In “Power Players”, fashion change makers tell Bustle how they are pushing boundaries and advancing culture, whether they are advocating sustainability, bringing more inclusiveness to the runway or making leaps and bounds in technology and culture. innovation. Here, choreographer Parris Goebel discusses representation, brand authenticity and beauty standards in the industry.
Parris Goebel is “that whore”. It’s the only label that adequately complies with her impressive list of hits. At age 30, Goebel is the genius behind Jennifer Lopez’s Super Bowl 2020 halftime performance, Rihanna Savage x Fenty’s many shows, and Justin Bieber’s viral music video “Sorry”, to name a few. . Although she has already added some of the most sought after celebrity names to her portfolio, Goebel is not content with staying in her ward. Instead, she is making great strides in the fashion industry.
One of her many goals is to undo the narrow standards of beauty that have long plagued the fashion world. Taking space in an industry that previously did not welcome creatives as diverse as her, Goebel recently entered into a partnership with UGG, as a brand ambassador and model for the famous footwear brand. Through this new venture, she hopes to normalize Polynesian patterns while also helping dancers be seen as artists and visionaries that they are.
Later, Goebel talks to Bustle about his plans to change the world, from the music industry to fashion and beyond.
Why did you decide to move from choreography to modeling?

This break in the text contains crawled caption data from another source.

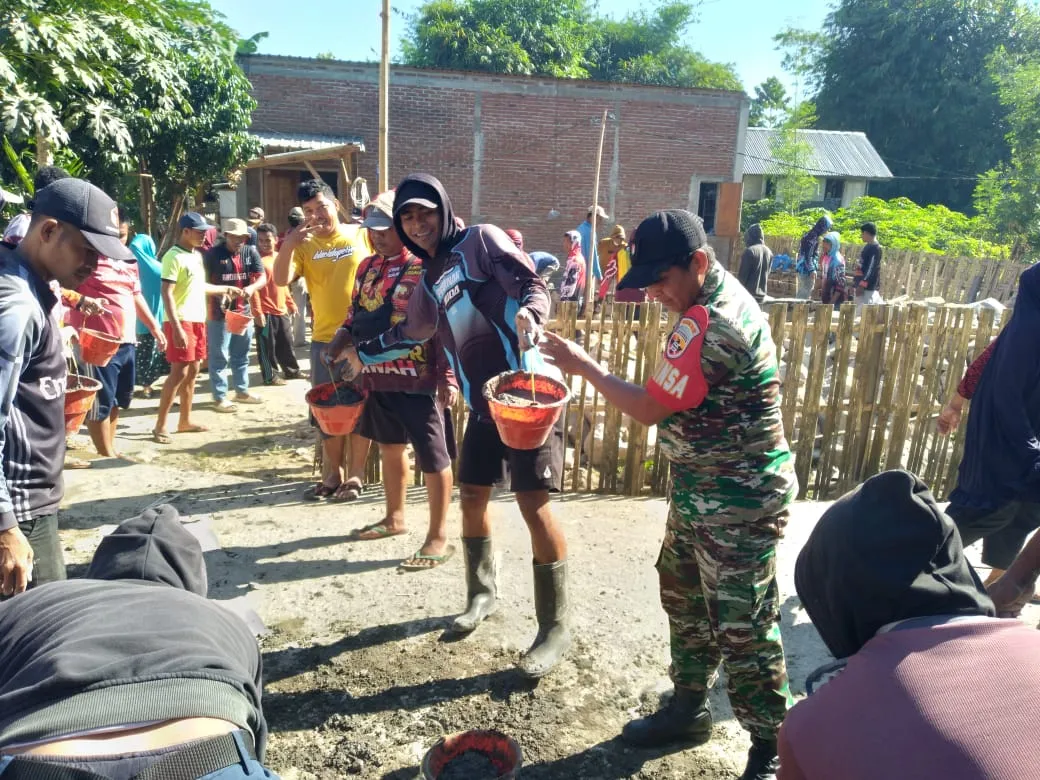 Babinsa Desaloka Dorong Semangat Kebersamaan Melalui Gotong Royong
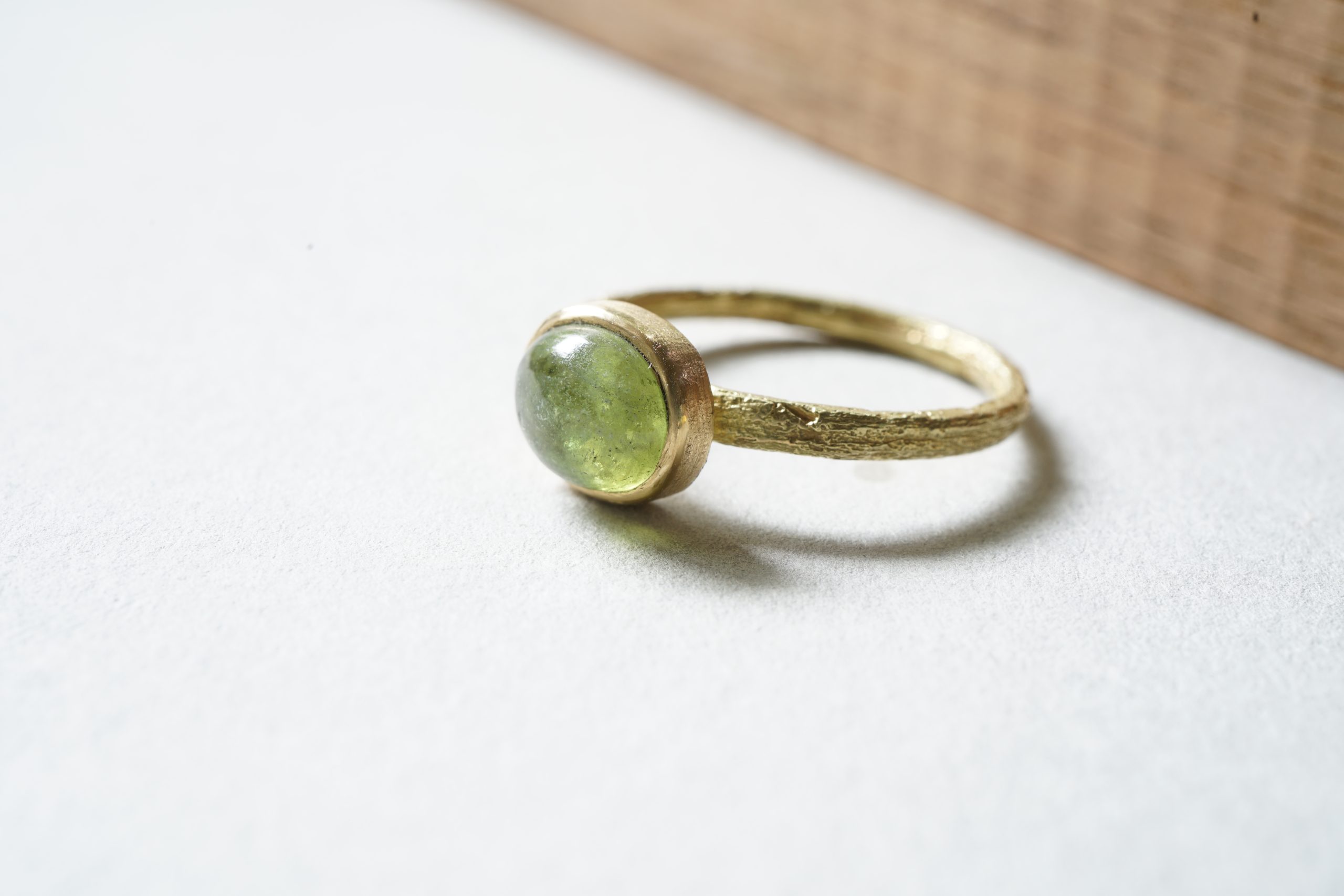 Anillo de oro 18k con cenizas y cabujón - Imagen 14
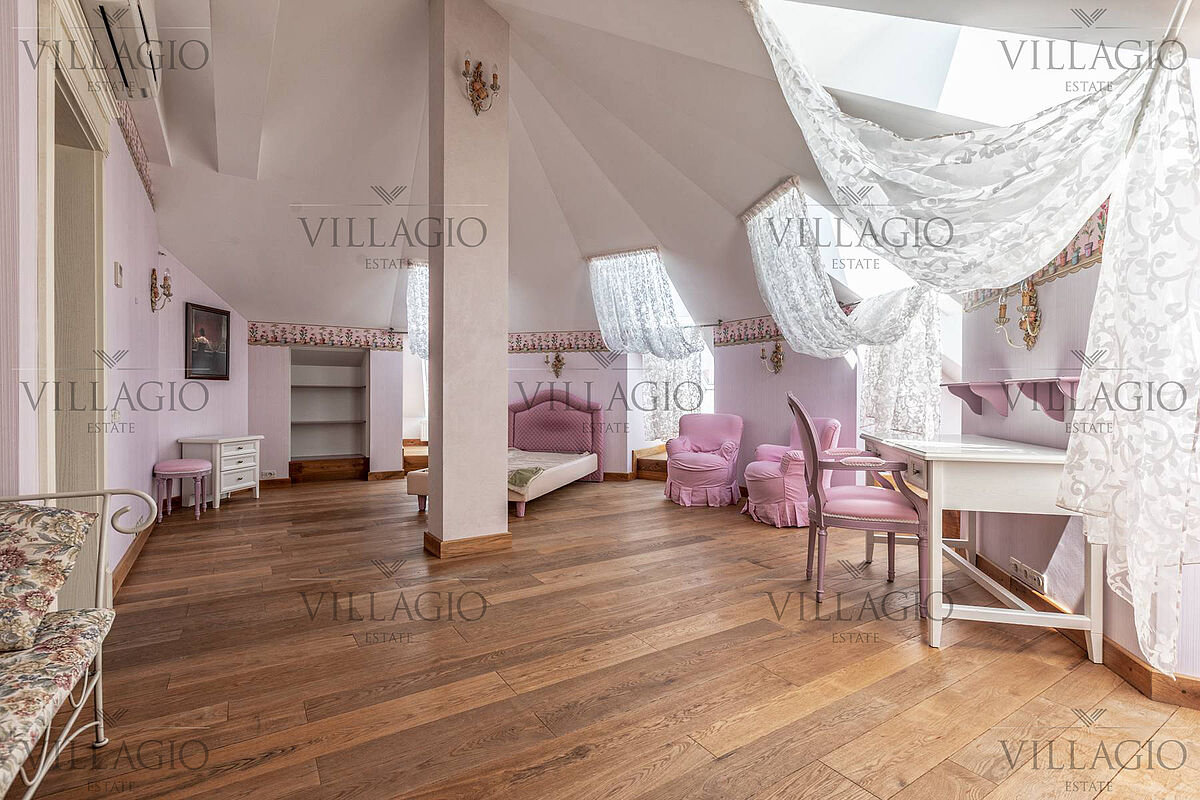 Дом с роскошной гостиной и spa-зоной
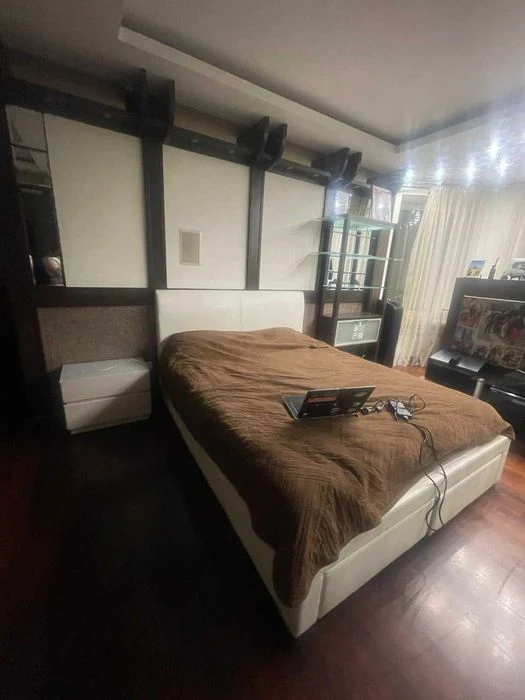 Продам 3 ком кв.  в Центре  Сертифмкат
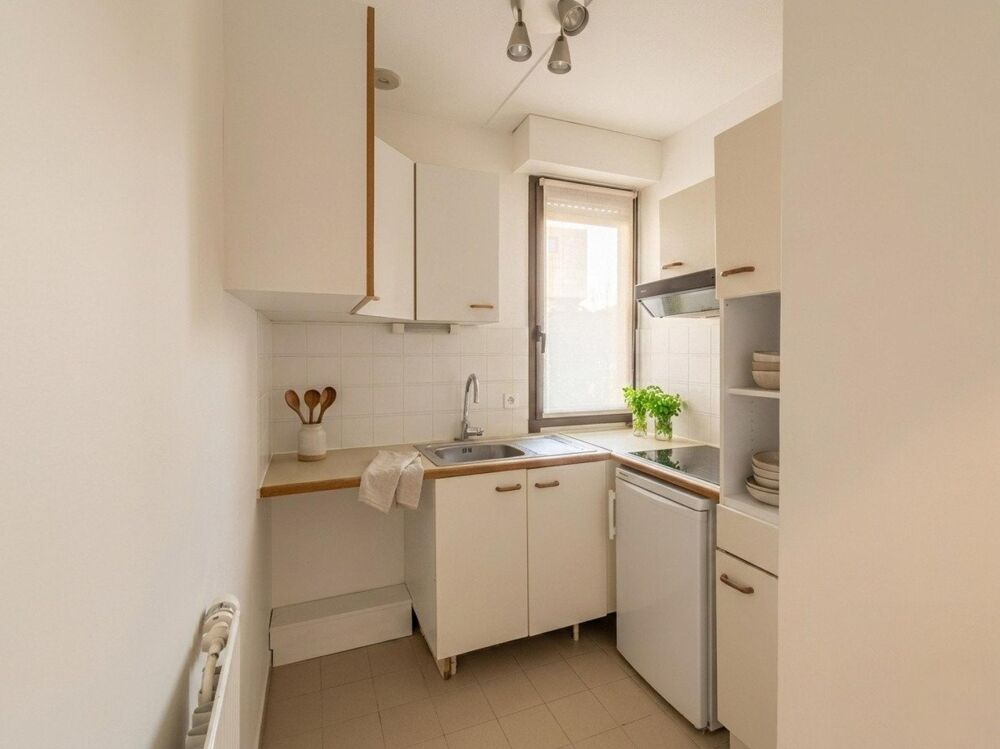 Vente Appartement 34000 - APPARTEMENT CLIMATISÉ ET TERRASSE SÉCURISÉE Montpellier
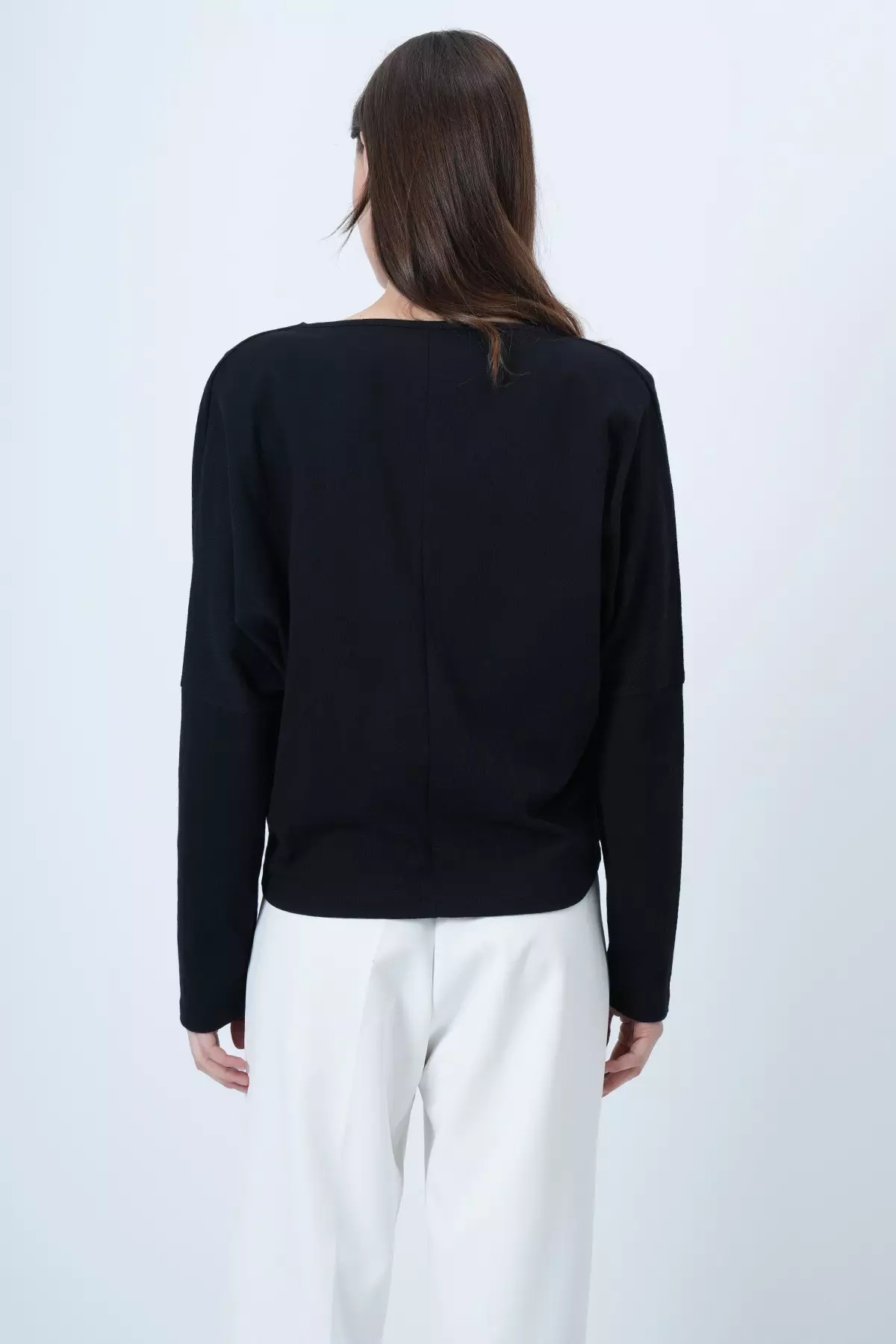 Black-1 Degaje Collar Wide Cut Knitted Blouse Alc-X13126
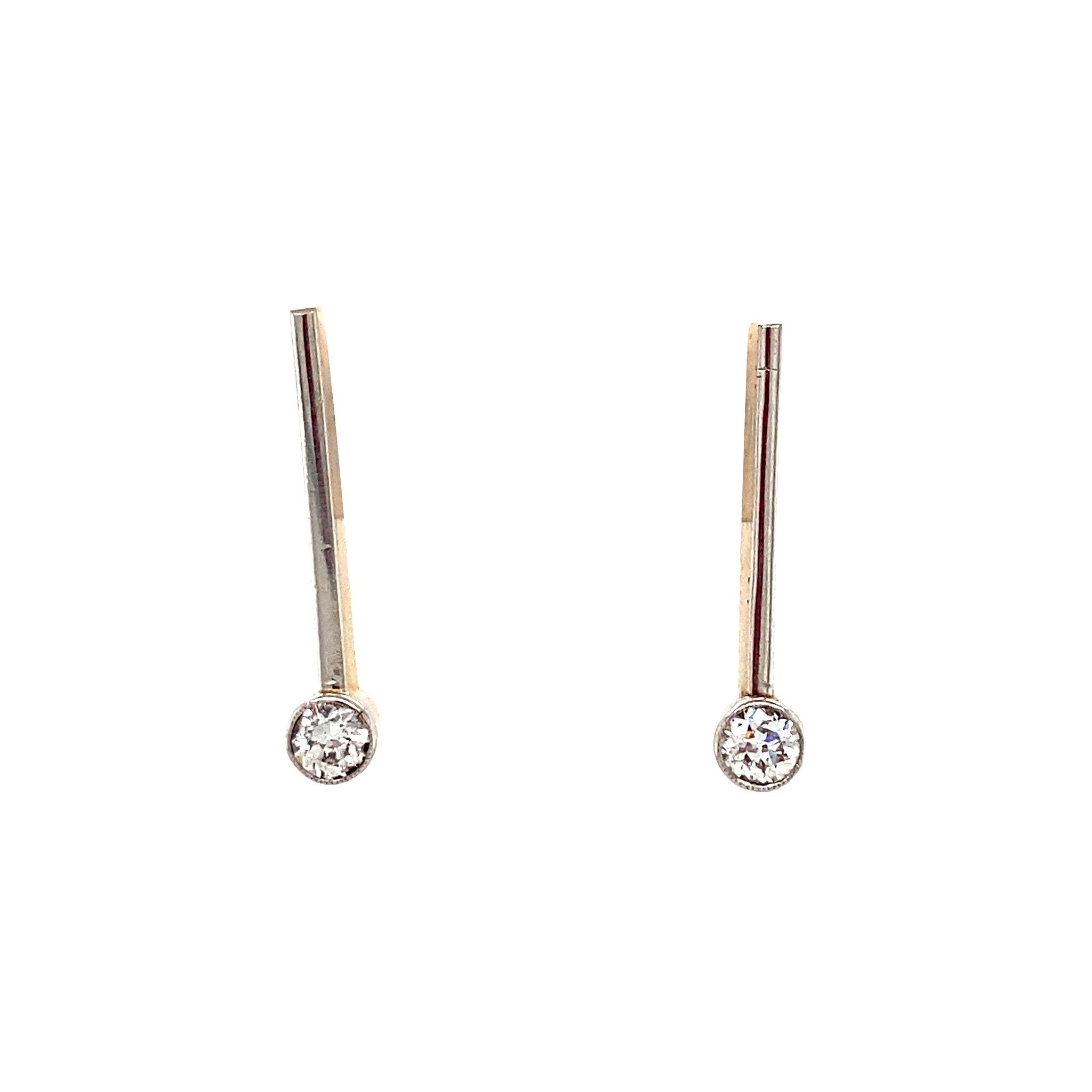 Gouden oorstekers met diamant 14 krt/900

Everything I do within dance already has such a fashion look, so it just felt organic. But for me, what is really important is representation, in the sense of being New Zealander, being a Polynesian woman and taking up space in the fashion world as a Polynesian woman. Put myself in places where I didn’t see [people like myself] when I was a little girl it’s so important to me, because I know that another Polynesian girl in New Zealand will see me and know she can too.
What do you hope to achieve in the world of modeling?
Change the stereotype of dancers. I feel like we’re not really celebrated in the fashion world, because we’re only seen as dancers who should only be in music videos and award shows. The problem is breaking down those walls. Dancers should be seen in the fashion world, at fashion shows and on the runways.
How does it feel to see yourself on billboards now?
I feel just like that bitch! Not seeing you, growing up, in those places and being the person who helps make that change, just makes me emotional. I’m just doing my little part in the story. I’ve worked very hard, so in other ways it’s like me should be there. I just feel proud and for me it’s just the beginning.
How do you select the brands to work with?
With whoever you collaborate, it must be a true collaboration. It has to be a brand that understands me, what I bring to the table and what I stand for. I simply will not work with anyone who does not feel in line with my beliefs or who I am as a woman. Working with UGG was great, because it was a real collaboration. In a way they gave me the freedom to do what I wanted: from the choice of choreography, to the choice of music, to the casting of the dancers. These are my favorite types of collaboration – you don’t get put in a box, you’re told to just be yourself and express yourself.
At this point, how do you feel about the future of the fashion industry?
There is still a lot of work to be done. The really cool thing is that, as women, I feel like we’re programmed [with] many restrictions. We have been told for so long what is beautiful and what we should look like. It’s sad enough to think [of] how I saw myself years ago, compared to how I see myself now – it’s so drastic. Our generation is undoing all of this now and it takes a lot of work. It’s a frustrating process and I think it’s at least taking a step in the right direction. Brands are starting to listen and starting to put diversity at the fore.